> **Work task**:
Output only the lines below from the one containing "Photo 3 from" to the one containing "Burg Pyrmont, German", exactly as written, both ends kept.

> **Data**:
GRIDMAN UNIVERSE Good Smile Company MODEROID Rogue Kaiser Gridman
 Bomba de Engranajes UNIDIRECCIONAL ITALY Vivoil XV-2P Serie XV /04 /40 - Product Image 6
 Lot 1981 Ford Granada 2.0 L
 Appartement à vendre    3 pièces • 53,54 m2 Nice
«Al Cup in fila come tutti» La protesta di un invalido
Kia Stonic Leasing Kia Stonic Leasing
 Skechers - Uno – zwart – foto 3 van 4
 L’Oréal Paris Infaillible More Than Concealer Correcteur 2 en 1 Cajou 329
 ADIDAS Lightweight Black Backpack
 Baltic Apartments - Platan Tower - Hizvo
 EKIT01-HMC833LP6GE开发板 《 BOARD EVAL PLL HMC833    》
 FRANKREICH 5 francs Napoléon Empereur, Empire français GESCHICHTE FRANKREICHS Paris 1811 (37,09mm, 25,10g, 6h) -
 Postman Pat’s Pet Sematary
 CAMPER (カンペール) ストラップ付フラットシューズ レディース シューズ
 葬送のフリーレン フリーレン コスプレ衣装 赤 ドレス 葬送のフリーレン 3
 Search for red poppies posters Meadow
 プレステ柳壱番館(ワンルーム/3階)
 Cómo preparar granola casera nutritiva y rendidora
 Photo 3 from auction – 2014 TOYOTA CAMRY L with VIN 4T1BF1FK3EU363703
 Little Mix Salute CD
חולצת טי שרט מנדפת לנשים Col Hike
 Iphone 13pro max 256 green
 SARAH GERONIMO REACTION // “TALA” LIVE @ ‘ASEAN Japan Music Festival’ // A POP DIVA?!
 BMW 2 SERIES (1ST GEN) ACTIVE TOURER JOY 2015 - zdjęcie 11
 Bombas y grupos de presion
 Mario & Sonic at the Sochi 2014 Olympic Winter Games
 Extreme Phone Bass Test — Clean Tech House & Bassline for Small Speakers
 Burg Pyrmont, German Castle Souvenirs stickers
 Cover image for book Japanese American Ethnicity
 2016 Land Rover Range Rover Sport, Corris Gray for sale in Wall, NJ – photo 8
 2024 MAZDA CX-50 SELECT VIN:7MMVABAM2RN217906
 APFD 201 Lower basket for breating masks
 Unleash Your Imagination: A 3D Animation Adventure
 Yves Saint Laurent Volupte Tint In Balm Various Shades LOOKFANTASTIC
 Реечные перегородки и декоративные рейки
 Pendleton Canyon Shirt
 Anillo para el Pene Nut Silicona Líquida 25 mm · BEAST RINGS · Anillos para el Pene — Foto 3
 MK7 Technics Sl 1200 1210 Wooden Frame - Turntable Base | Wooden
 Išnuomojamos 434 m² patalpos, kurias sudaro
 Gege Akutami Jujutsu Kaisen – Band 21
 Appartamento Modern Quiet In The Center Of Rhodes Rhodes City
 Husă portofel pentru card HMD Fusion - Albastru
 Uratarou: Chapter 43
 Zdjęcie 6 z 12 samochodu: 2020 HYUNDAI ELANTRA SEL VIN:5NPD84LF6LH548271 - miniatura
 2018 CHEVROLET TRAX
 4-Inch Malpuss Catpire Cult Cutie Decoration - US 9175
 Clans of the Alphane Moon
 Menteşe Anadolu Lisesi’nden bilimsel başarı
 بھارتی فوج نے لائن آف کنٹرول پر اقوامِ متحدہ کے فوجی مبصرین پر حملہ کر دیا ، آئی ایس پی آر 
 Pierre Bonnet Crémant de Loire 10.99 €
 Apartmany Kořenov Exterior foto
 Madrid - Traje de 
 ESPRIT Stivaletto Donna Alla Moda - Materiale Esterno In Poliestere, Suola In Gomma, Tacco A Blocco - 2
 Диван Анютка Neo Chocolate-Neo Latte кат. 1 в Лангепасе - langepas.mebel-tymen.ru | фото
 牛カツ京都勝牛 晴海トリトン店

> **Answer space**:
 Photo 3 from auction – 2014 TOYOTA CAMRY L with VIN 4T1BF1FK3EU363703
 Little Mix Salute CD
חולצת טי שרט מנדפת לנשים Col Hike
 Iphone 13pro max 256 green
 SARAH GERONIMO REACTION // “TALA” LIVE @ ‘ASEAN Japan Music Festival’ // A POP DIVA?!
 BMW 2 SERIES (1ST GEN) ACTIVE TOURER JOY 2015 - zdjęcie 11
 Bombas y grupos de presion
 Mario & Sonic at the Sochi 2014 Olympic Winter Games
 Extreme Phone Bass Test — Clean Tech House & Bassline for Small Speakers
 Burg Pyrmont, German Castle Souvenirs stickers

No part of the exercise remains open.